Exciting Evergreens for the Mid-Atlantic

Fine Gardening - Issue 185

Evergreens are crucial to achieving varied texture and form, as well as the key to any successful four-season garden. Unfortunately, many gardeners would put a lot of evergreens in the “necessary but boring” category. They are a backdrop, the much-needed greenery during colder months, but never the garden star that steals the show.

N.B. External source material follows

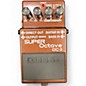 Used BOSS OC3 Super Octave Effect Pedal thumbnail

The plants below might just change your mind about the humble evergreen. These foliage all-stars can be called anything but boring. From beautiful blooms to colorful foliage and pops of bright berries, all of these evergreens have that little something extra.

 


1. ‘Sulphur Heart’ Persian Ivy

Sulphur Heart Persian Ivy
Photo: Garden World Images Ltd./Alamy Stock Photo

Hedera colchica ‘Sulphur Heart’

Zones: 6–9

Size: 6 to 8 inches tall and 3 to 8 feet wide when grown as a ground cover

Conditions: Partial to full shade; average to dry, well-drained soil

The very mention of the word Hedera makes many seasoned gardeners run for the hills, but don’t! Bold foliage with a thick waxy texture sets this dense ground cover apart from others, suppressing nearly all but the most insistent weeds. Its habit is dense, but not so much that your desirable additions to the border will be challenged. ‘Sulphur Heart’ has a tricolored variegation on each leaf, with variable mottling of the deepest briny green, a fresh medium green, and vibrant chartreuse on each leaf. Protecting it from winter winds will help keep the foliage intact, whether through siting or with a light mulch of chopped leaves or evergreen boughs.

 

2. Longstalk Holly

Longstalk Holly
Photo: courtesy of commons.wikipedia.com

Ilex pedunculosa

Zones: 5–8

Size: 10 to 20 feet tall and 10 to 15 feet wide

Conditions: Full sun to partial shade; average, well-drained soil

I do like hollies; I just can’t come to terms with the thorns. This is why I enjoy using longstalk holly. It has no thorns! This easily grown broadleaf evergreen is so versatile but is seldom seen in gardens. All it asks is to be sited out of the worst winter winds. Quarter-inch red fruits borne on delicate little stalks give the plant its name. If you want the fruit, however, you’ll need to plant one male for every three to four females in the immediate area.

 

3. Dwarf Mondo Grass

Dwarf Mondo Grass
Photo: Geoff Kid/gapphotos.com

Ophiopogon japonicus ‘Nanus’

Zones: 7–10

Size: 3 inches tall and 3 to 12 inches wide

Conditions: Partial to full shade; moist, fertile, well-drained soil

Dwarf mondo grass is a tiny but mighty ground cover that can find a place in any garden. This little spreader finds and exploits the cracks between paving stones in one area of my garden, and it forms a thick, weed-resistant colony on the verge of becoming a lawn alternative in another. However, it can take only very light foot traffic. Rich, glossy green foliage yields a tufted and tactile effect, with lavender blooms that emerge in midsummer. I like to spread this plant by lifting and replanting small tufts.

 

4. Fragrant Valley™ Himalayan Sweet Box

Fragrant Valley Himalayan Sweet Box
Photo: Clare Gainey/Alamy Stock Photo

Sarcococca hookeriana var. humilis ‘Sarsid1’

Zones: 6–8

Size: 2 to 3 feet tall and 3 to 4 feet wide

Conditions: Partial to full shade; moist, acidic, well-drained soil rich in organic matter

This new selection of Himalayan sweet box is known for having slightly longer and narrower foliage than the species, but most important, it is the hardiest form currently available. A shade-tolerant ground cover, it spreads slowly and is perfect at nestling itself in and around rocks. On mild winter days, when the delicate yet abundant white flowers produce their delightful fragrance, I am obligated to bring a stem indoors to enjoy. Have I even mentioned its deer resistance?


Dan Benarcik is a horticulturist at Chanticleer in Wayne, Pennsylvania.